· 2 min read

Broodje Spek

Bacon/pork belly sandwich.

🇳🇱 Netherlands · Family: Broodje Vlees & Vleeswaren


The Broodje Spek is a roll built around spek, the Dutch word that covers both bacon and cured or fried pork belly. Which one you get depends on the counter: a snack bar or lunchroom usually means crisped streaky bacon, while an older butcher-style shop may mean thick slices of gebakken spek, fried fatty pork belly. Either way the sandwich is an exercise in fat management. The meat is rich and salty, the bread is plain and soft, and everything good or bad about the result comes down to how the pork is cooked and what, if anything, is set against it.

The build is short and the order matters. A soft white roll, sometimes a denser bread roll, split and often left untoasted so its softness plays against the crisp meat. The spek is fried until the fat renders and the edges crisp, then drained briefly so the roll does not turn greasy, and laid in while still hot. At its plainest that is the sandwich: hot pork, soft bread, nothing else, eaten for the contrast alone. Many counters add a cutting element, sliced raw onion, a smear of mustard, or a few rounds of pickle, to push back against the fat. Good execution is rendered, crisp, hot pork on fresh bread that has not gone soggy. Sloppy execution is undercooked, flabby spek with soft white fat still slick, or meat fried so hard it shatters into salty splinters.

The whole sandwich is salt and fat against plain starch. The bread is deliberately neutral so the rendered pork carries everything, and the only real seasoning is the cure on the meat itself. When it works, the first bite is crisp edge, then soft fat, then bread soaking up the rest, with a sharp note from onion or mustard if it is there. When it fails, it is either greasy and heavy or dry and brutally salty, with no middle ground.

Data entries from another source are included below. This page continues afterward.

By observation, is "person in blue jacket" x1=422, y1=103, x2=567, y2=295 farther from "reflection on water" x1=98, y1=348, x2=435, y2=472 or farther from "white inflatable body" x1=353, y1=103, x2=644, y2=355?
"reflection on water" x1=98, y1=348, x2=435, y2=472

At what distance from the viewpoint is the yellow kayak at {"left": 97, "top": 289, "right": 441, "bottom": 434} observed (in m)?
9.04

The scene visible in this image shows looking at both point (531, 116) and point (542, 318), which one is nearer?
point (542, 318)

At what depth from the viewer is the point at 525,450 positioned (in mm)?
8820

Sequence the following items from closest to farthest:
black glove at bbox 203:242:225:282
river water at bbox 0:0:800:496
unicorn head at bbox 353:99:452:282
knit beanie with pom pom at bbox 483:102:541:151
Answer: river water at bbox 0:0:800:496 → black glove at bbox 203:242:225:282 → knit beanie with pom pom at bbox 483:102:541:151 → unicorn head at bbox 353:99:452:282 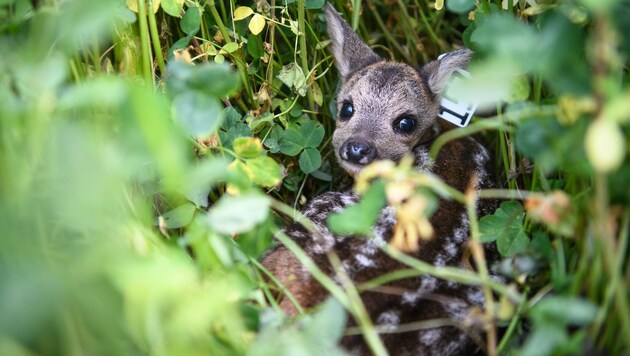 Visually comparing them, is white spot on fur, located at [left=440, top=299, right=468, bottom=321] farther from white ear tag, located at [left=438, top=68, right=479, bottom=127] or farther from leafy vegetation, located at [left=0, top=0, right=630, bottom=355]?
white ear tag, located at [left=438, top=68, right=479, bottom=127]

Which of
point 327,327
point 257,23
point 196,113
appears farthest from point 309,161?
point 327,327

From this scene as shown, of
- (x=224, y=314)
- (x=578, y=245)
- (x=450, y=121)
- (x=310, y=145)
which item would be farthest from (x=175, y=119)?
(x=450, y=121)

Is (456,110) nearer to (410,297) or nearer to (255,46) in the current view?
(255,46)

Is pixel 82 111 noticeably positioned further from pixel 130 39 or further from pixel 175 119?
pixel 130 39

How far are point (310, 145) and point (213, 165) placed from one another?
1.76m

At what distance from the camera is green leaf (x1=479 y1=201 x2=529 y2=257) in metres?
2.52

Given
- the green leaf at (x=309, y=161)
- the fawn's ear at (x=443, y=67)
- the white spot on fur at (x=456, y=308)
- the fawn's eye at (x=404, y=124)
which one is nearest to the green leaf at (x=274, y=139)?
the green leaf at (x=309, y=161)

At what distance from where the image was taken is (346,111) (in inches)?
150

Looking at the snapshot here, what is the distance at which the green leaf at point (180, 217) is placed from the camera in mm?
2500

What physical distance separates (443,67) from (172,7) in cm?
149

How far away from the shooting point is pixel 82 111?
197cm

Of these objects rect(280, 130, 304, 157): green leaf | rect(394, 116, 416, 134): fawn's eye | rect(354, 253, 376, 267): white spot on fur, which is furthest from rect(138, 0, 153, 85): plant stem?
rect(394, 116, 416, 134): fawn's eye

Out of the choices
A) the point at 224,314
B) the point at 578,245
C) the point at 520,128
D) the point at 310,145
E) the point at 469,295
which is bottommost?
the point at 469,295

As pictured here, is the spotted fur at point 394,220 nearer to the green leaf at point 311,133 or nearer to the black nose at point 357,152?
the black nose at point 357,152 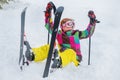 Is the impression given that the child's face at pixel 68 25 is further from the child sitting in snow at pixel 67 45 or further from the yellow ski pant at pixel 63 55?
the yellow ski pant at pixel 63 55

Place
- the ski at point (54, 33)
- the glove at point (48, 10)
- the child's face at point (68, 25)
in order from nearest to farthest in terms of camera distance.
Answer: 1. the ski at point (54, 33)
2. the child's face at point (68, 25)
3. the glove at point (48, 10)

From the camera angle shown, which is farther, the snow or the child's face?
the child's face

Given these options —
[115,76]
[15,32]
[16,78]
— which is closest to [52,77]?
[16,78]

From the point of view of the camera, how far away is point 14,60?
23.3 ft

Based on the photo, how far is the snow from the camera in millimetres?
6711

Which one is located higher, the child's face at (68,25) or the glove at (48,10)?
the glove at (48,10)

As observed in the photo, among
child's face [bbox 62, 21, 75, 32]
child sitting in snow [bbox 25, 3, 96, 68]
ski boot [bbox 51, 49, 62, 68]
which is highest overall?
child's face [bbox 62, 21, 75, 32]

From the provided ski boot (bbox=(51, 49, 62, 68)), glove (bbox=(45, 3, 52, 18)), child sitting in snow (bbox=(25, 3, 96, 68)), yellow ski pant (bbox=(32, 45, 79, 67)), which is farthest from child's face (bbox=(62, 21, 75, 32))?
ski boot (bbox=(51, 49, 62, 68))

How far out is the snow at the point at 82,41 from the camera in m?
6.71

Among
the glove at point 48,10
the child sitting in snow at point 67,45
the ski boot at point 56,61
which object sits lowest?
the ski boot at point 56,61

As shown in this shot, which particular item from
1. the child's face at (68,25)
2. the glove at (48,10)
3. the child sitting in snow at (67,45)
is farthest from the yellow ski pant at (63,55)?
the glove at (48,10)

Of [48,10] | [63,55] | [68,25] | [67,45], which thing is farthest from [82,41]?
[63,55]

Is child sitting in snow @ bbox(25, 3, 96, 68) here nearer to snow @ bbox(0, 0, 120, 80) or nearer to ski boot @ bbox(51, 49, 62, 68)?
ski boot @ bbox(51, 49, 62, 68)

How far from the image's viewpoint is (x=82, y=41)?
336 inches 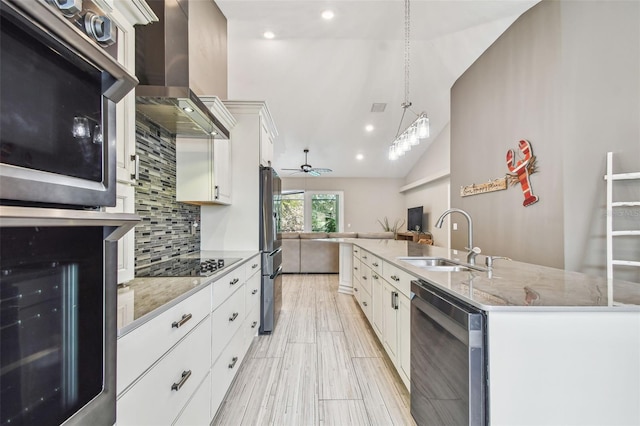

Variation comes mostly from the cut and the pairings. Thin streaky bacon gives a crisp, lacy texture; thick belly slices give a meatier, chewier bite with a soft fat core. A fried egg on top is the most common addition and changes the sandwich into a heartier breakfast plate, with the yolk doing some of the work mustard would otherwise do. That egg-and-bacon roll is a distinct order with its own balance and deserves its own article rather than being crowded in here, as does the steak roll that shares this counter's plain-bread, meat-forward logic.